Алексей Атеев - Холодный человек
– Соответствует действительности? – вполне серьезно спросила Вера. В последнее время она часто сталкивалась с тем обстоятельством, что внешний облик вовсе не отвечал внутреннему содержанию объекта.
– Да как вам сказать… – уклонился от прямого ответа Жюль Верн.
Они вышли на улицу. По-прежнему бушевало ненастье. Дождь почти прекратился. Вместо него ветер бросал в лицо хлопья снега, тут же тающего, однако успевающего залепить глаза и щеки.

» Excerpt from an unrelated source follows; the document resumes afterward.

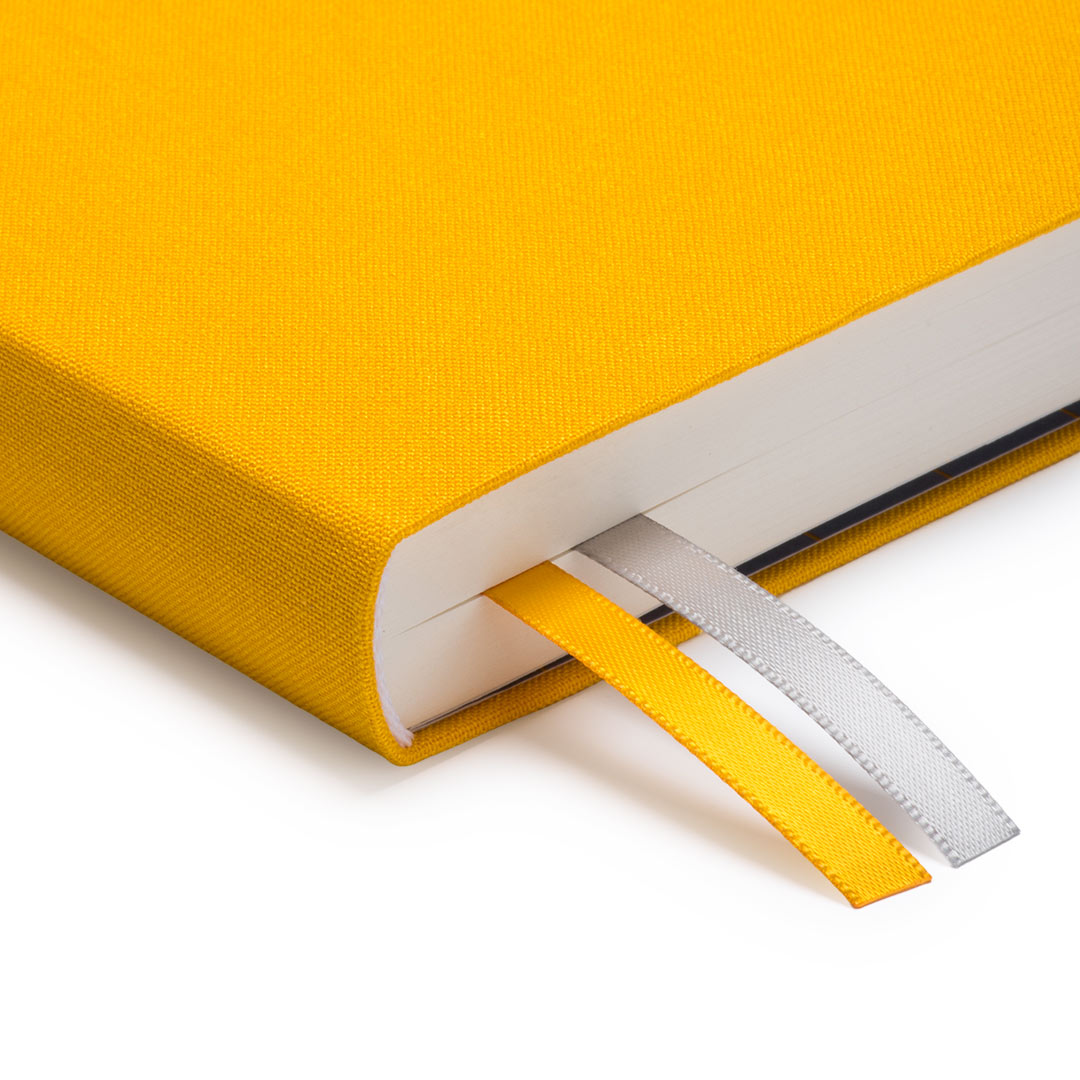 Yellow Fabric Daily Planner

– Ужас! – констатировала Вера.
– Может, зайдем в кафе? – предложил новый знакомый.
«Неужели и этот клюнул?! – мысленно удивилась Вера. – Однако я действительно пользуюсь успехом».

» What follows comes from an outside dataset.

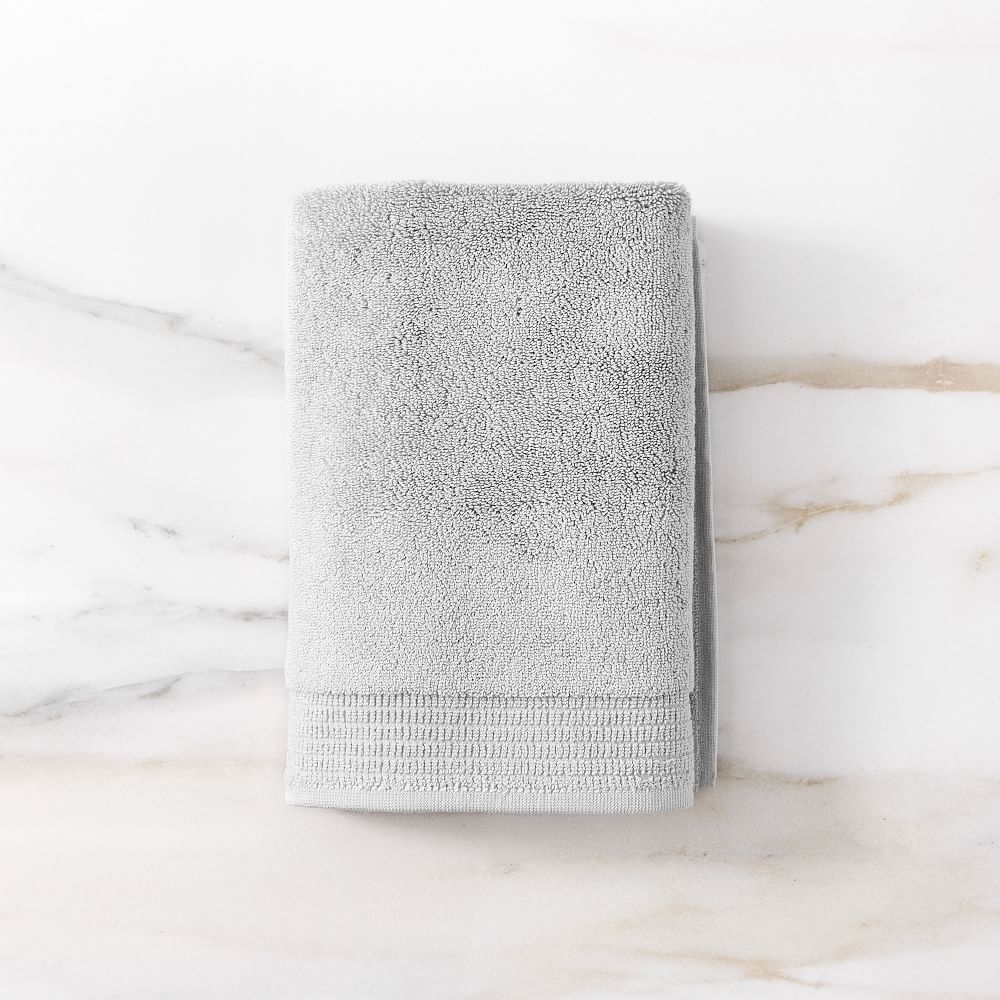 Premium Spa Organic Towel, Hand Towel, Frost Gray - Image 0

Парнишка казался немногим старше ее самой и особого интереса не вызывал, хотя и не был неприятен. «Может, действительно выпить с ним чашечку кофе? – размышляла наша героиня. – Заодно побольше узнаю о том, как был обнаружен Сабуров.

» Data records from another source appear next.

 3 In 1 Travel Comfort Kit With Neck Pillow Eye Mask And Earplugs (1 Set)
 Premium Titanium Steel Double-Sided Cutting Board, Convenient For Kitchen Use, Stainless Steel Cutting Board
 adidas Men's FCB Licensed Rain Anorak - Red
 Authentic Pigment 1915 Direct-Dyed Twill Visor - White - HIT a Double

– Отчего же. Я не против, – отозвалась она.
– Тут неподалеку находится небольшая кондитерская, – стал объяснять Жюль Верн. – Там подают отличнейший кофе, который готовят при вас в раскаленном песке. А к нему – вкуснейшие пирожные. Особенно славятся «Наполеоны».
При упоминании о роковом для нее сорте выпечки Вера вздрогнула. «И этот туда же, – нервно подумала она. – Может, отказаться?» Но она не отказалась.
– Очень хорошо, что согласились, – обрадовался Жюль Верн. – Бежим скорее туда.
В кондитерской, по случаю плохой погоды, почти не имелось посетителей. Они уселись перед витриной, через нее была хорошо видна пустынная улица, по которой проносились редкие авто.
– И когда же вы его обнаружили? – поинтересовалась Вера, мелкими глотками прихлебывая кофе по-венски. От «Наполеона» она отказалась, предпочтя трубочку с кремом.
– Сегодня рано утром. Едва рассвело. Еще ненастья не было. Капал лишь мелкий дождик. Я шел в контору прямо через кладбище. Ну и наткнулся…
– Как же вы его обнаружили, если он находился в яме?
– А по металлоискателю. Смотрю, на краю раскопанной могилы валяется странная такая штуковина. Я заинтересовался, подошел поближе. Потом заглянул туда. Вижу: в ней лежит кто-то. Думаю: пьяный. Ну, спустился. Глядь, передо мной аспирант Сабуров!
– Вы его знали?! – удивилась Вера
– А как же! Я же на историческом обучаюсь…
«Вот черт! – неприятно удивилась девушка. – Опять с коллегой столкнулась. Это уже становится подозрительным».
– Вы как будто немного староваты для студента, – высказала она результаты своих наблюдений.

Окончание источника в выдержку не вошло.